Based on the experience of using HDF for EOSDIS V0 and many other projects, HDF was adopted for use in later EOSDIS releases. It was recognized that HDF would need to be extended to fully meet the requirements of complete system. The full release of EOSDIS will inherit some components of the V0 system. Mosaic and WWW server are already being used to distribute project and system related information to the scientists and general users.
Figure 1: Mosaic and NCSA Collage Access to HDF Data

Beginning with versions 2.0, NCSA X Mosaic has incorporated some rudimentary, but very useful, HDF capabilities. Mosaic recognizes files with the extension ".hdf" as HDF files and displays them using the "Scientific Data Brows-o-rama" viewer which is currently built into the X Windows version of Mosaic. Currently, Mosaic supports HDF version 3.3 release 3 and all earlier versions.
The "Scientific Data Brows-o-rama" converts the structure of the HDF file to HTML on the fly and presents a logically formatted and easily readable representation of the file in the document view window. Brows-o-rama displays all file level and object level binary attributes and text annotations as well as producing in-line displays of raster images and palettes. Several samples of HDF files can be viewed from the Mosaic Demo Document available from Mosaic's "Help" menu.
In addition to its native capabilities for display of certain types of HDF data, Mosaic can also be linked to NCSA's Collage (version 1.3 or later is recommended), a collaborative data display and analysis application, through the Data Transfer Mechanism (DTM). In this way, Mosaic can be used as a data discovery and retrieval front-end to a powerful data visualization package. From the EOSDIS point of view, the most important benefit of this linkage is the ability to display and manipulate large arrays of science data stored in HDF Scientific Data Sets (SDS). The only major HDF data object that is not supported is the Vdata. It is also hoped that more complete support of SDS features can be incorporated into Collage.
Using a combination of Mosaic and Collage, a scientist can locate and retrieve an HDF file, browse through its contents and hierarchical structure, read the descriptive text fields and binary attributes in the file, and view and analyze raster images, palettes and scientific data sets. Currently, Collage does not fully support all the features of the SDS and neither application directly supports Vdatas. It is hoped that these features can be incorporated into future versions of Collage or Mosaic. Figure 1 shows an example of Mosaic and Collage accessing an HDF File.

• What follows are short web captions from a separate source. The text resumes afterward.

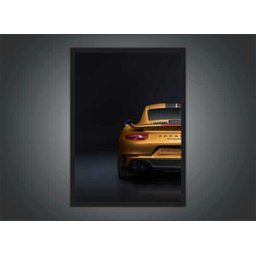 Quadro Decorativo Carros Porsche Salas Quartos Decorações Com Moldura G04 - 2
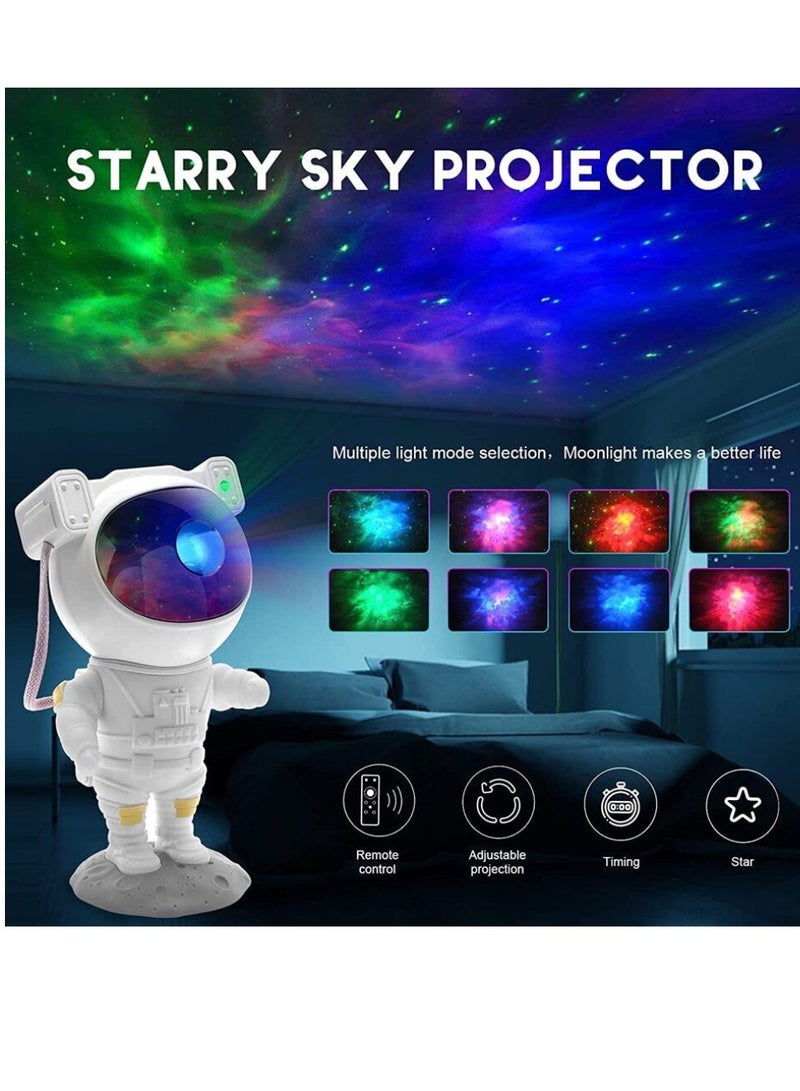 DIGI CORE Astronaut Galaxy Projector with Timer & Remote Control USB Powered Spaceman Projector Lamp 360° Adjustable Astronaut Starry Night Light Projector For Room Decoration - Image 4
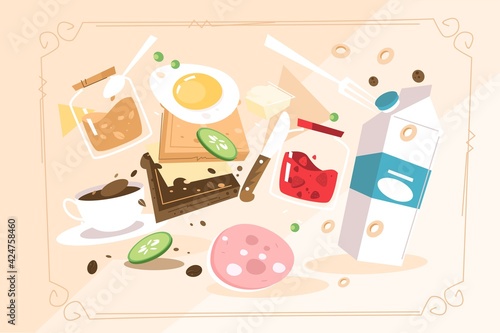 Products for cooking breakfast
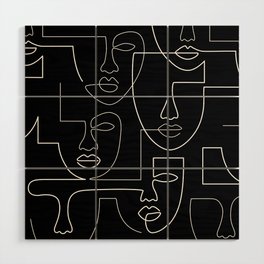 Face Forms Wood Wall Art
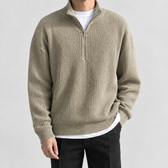 Igor Half Zip Sweater - Khaki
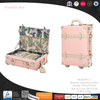 2020 New Fashion retro lightweight custom size LOGO faux leather travel suitcase for girls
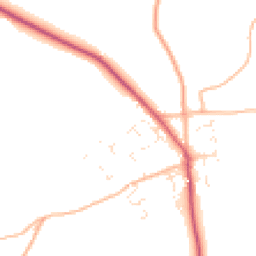 Daytime road noise heatmap for TR4 9BZ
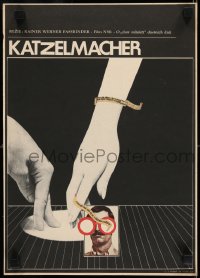 8p521 KATZELMACHER Czech 11x16 1970 Rainer Werner Fassbinder, cool image of hands by Vyletal!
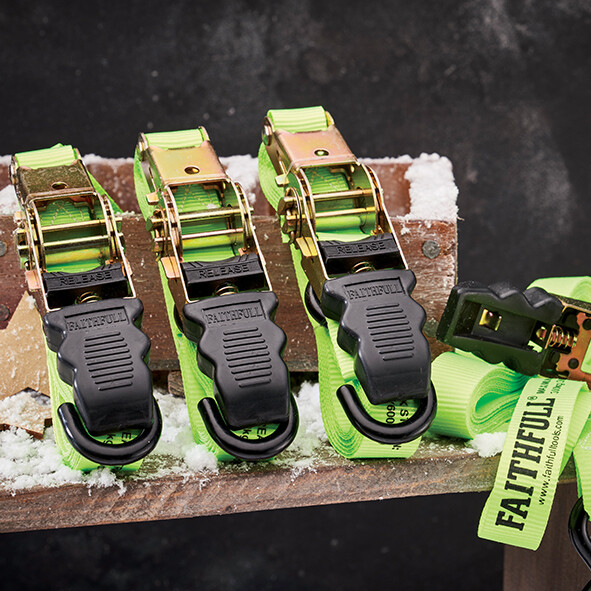 Faithfull 4 Piece Ratchet Tie Down Set Faithfull 4 Piece Ratchet Tie Down Set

Connecting Mosaic and Collage
To use Mosaic as a data discovery and retrieval front-end for Collage:
1) Start up Mosaic and Collage.
2) Initiate a collaborative session in Collage by choosing "Begin Session" from the "Collaborate" menu in the Collage window. Collage will prompt you for a port number to use for the session. This number can be any unused port number from 1025 to 65535. Collage will then pop up a text box notifying you that the collaborative session has been established.
3) Connect Mosaic into Collage's collaborative session by choosing the "Open DTM Outport" from Mosaic's "File" menu and supplying the same port number as was used to start up the Collage session. Collage should now show "Mosaic" as a user in the session.
4) Open an HDF file using any standard Mosaic method. You should see hyperlinks in parentheses following the text describing each raster image, palette, and SDS in the file. The hyperlinks look like this: (To broadcast this data set over DTM, click here.)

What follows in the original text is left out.